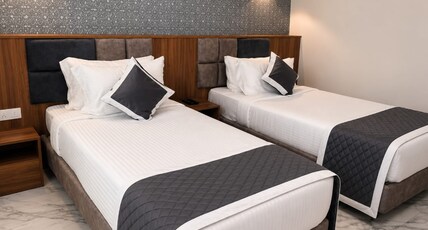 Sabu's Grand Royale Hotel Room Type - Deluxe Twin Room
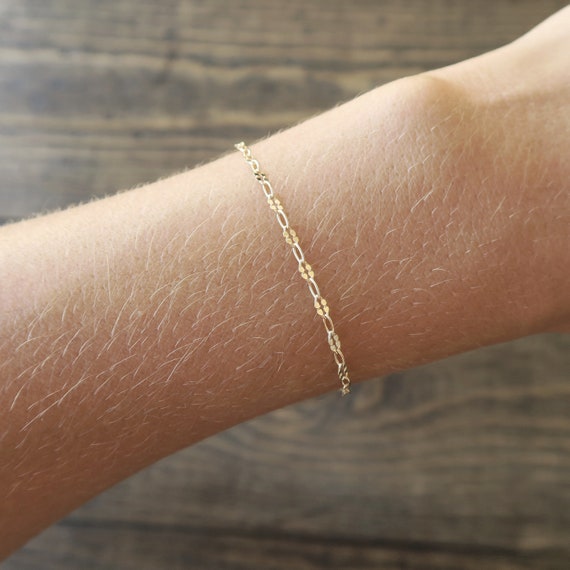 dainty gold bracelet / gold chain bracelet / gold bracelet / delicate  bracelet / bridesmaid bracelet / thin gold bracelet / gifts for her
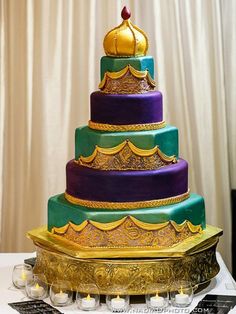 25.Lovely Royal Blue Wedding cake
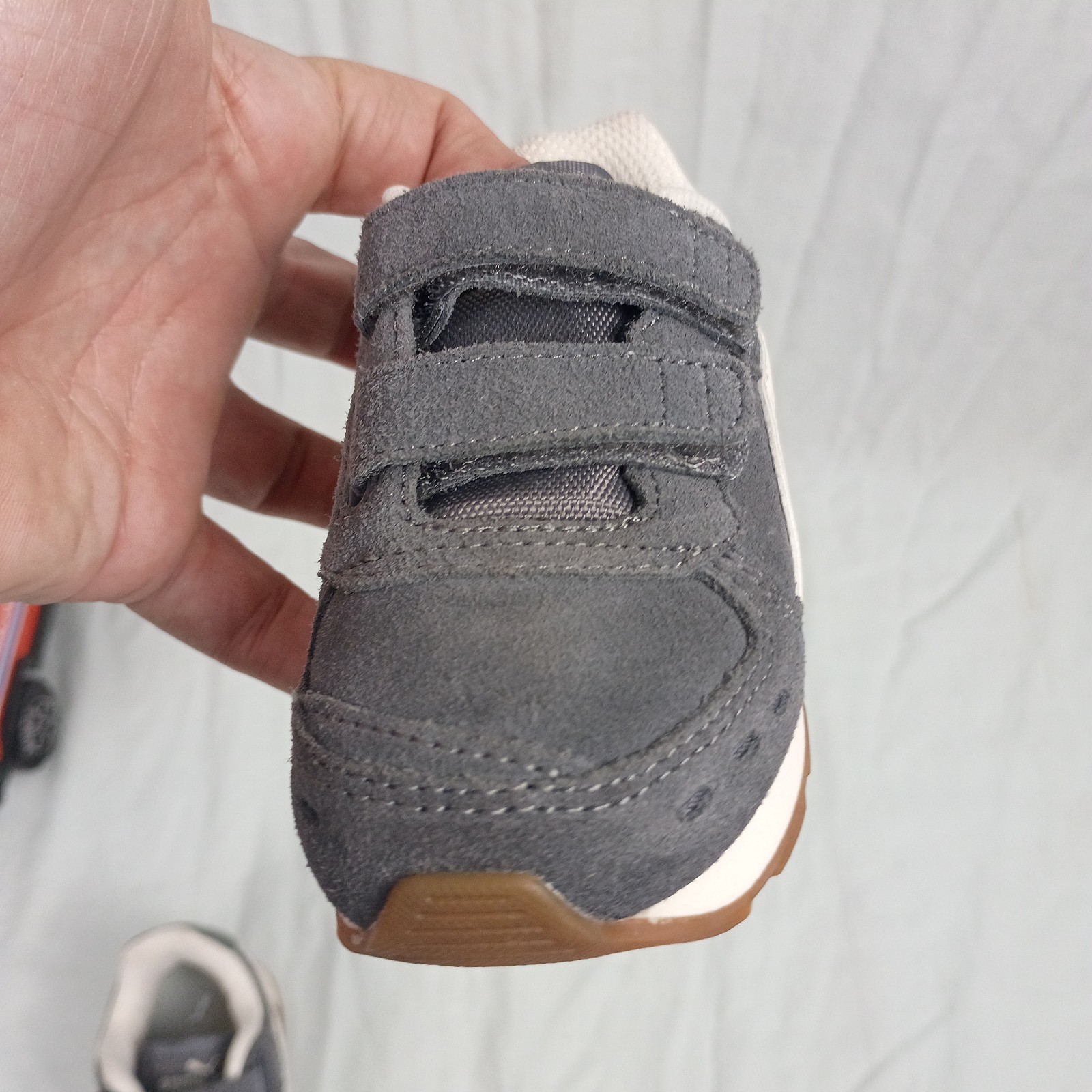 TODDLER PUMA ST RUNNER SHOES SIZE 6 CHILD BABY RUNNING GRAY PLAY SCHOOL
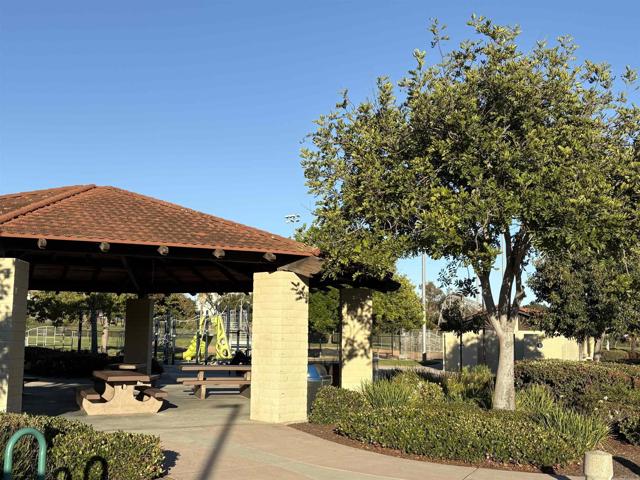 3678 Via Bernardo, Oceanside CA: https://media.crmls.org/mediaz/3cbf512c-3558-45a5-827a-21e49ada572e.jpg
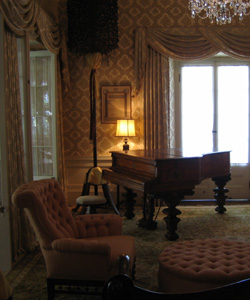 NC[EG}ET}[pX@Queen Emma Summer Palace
---
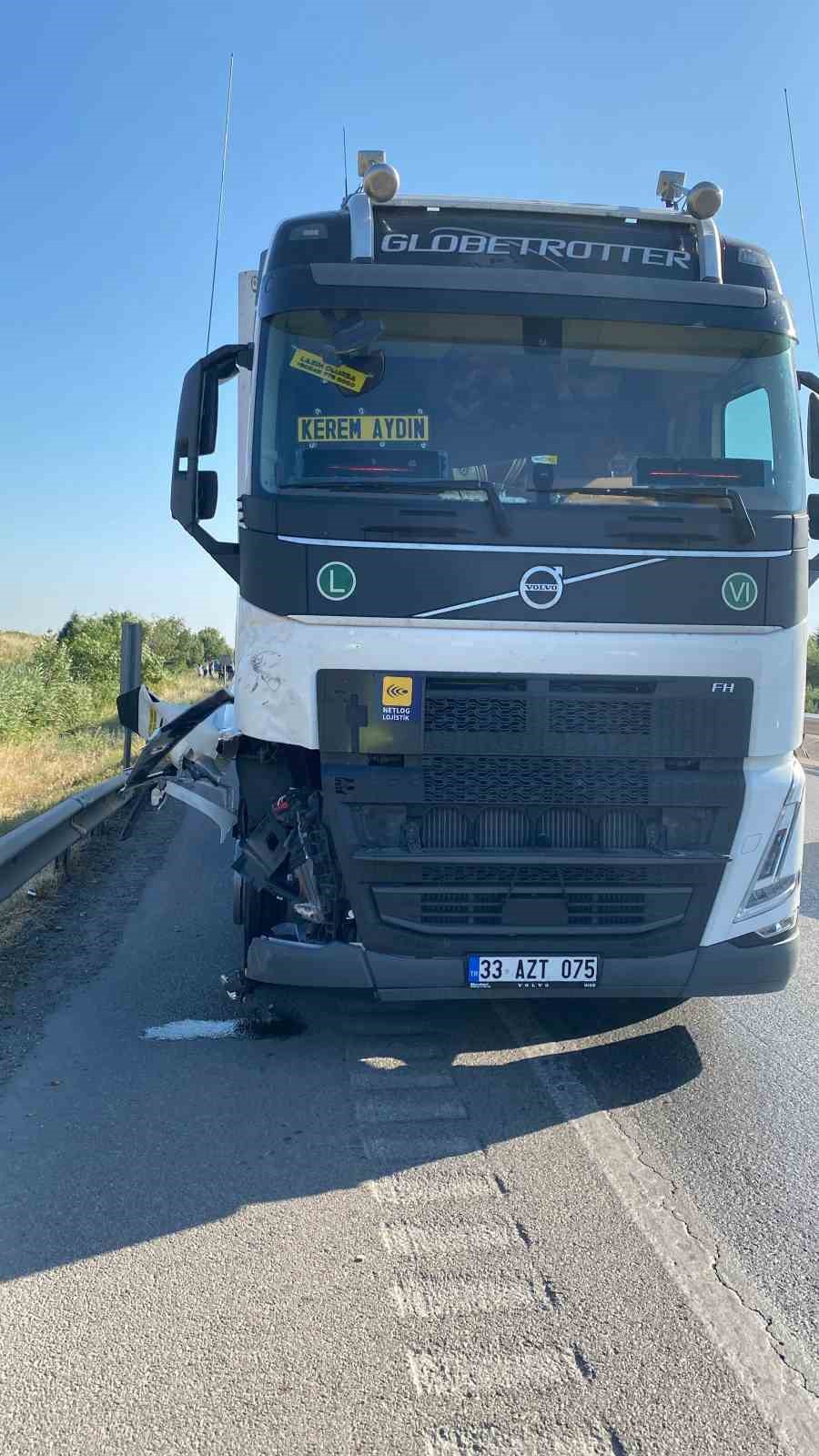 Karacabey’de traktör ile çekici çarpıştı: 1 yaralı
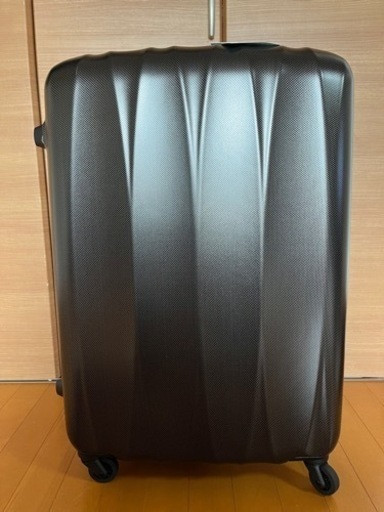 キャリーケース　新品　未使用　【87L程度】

Exercise details: Copy only this from above: the line containing "Sabu's Grand Royale", the line containing "Emma Summer Palace", and all lines between, printed exactly. Leave out the pictures.

Expected answer:
 Sabu's Grand Royale Hotel Room Type - Deluxe Twin Room
 dainty gold bracelet / gold chain bracelet / gold bracelet / delicate  bracelet / bridesmaid bracelet / thin gold bracelet / gifts for her
 25.Lovely Royal Blue Wedding cake
 TODDLER PUMA ST RUNNER SHOES SIZE 6 CHILD BABY RUNNING GRAY PLAY SCHOOL
 3678 Via Bernardo, Oceanside CA: https://media.crmls.org/mediaz/3cbf512c-3558-45a5-827a-21e49ada572e.jpg
 NC[EG}ET}[pX@Queen Emma Summer Palace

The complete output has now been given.